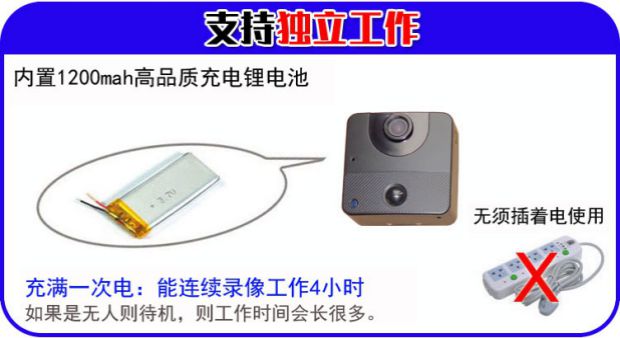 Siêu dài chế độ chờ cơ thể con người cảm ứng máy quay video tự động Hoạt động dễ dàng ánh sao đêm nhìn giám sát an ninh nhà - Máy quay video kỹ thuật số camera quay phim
------------------------------
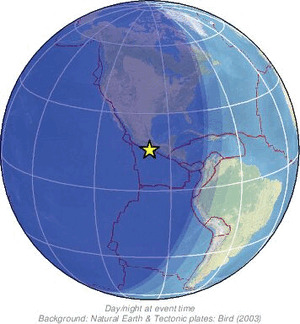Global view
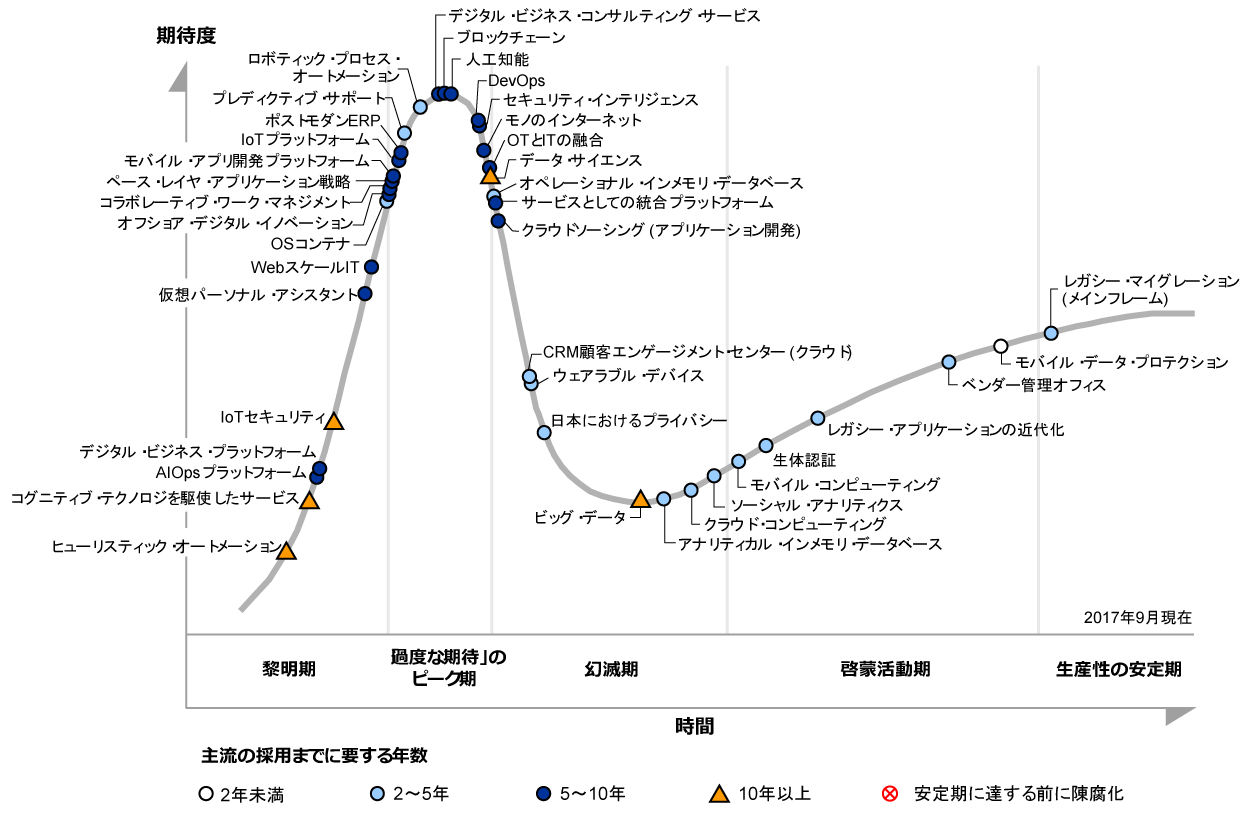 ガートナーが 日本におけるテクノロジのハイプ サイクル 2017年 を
------------------------------
TASK INSTRUCTIONS :: Start with the line above containing "Global view" and end with the line containing "ガートナーが 日本におけるテクノロジのハイプ サイクル 2017年 を". Set down that stretch exactly, without any pictures.

SOLUTION FOR THIS PROBLEM ::
Global view
 ガートナーが 日本におけるテクノロジのハイプ サイクル 2017年 を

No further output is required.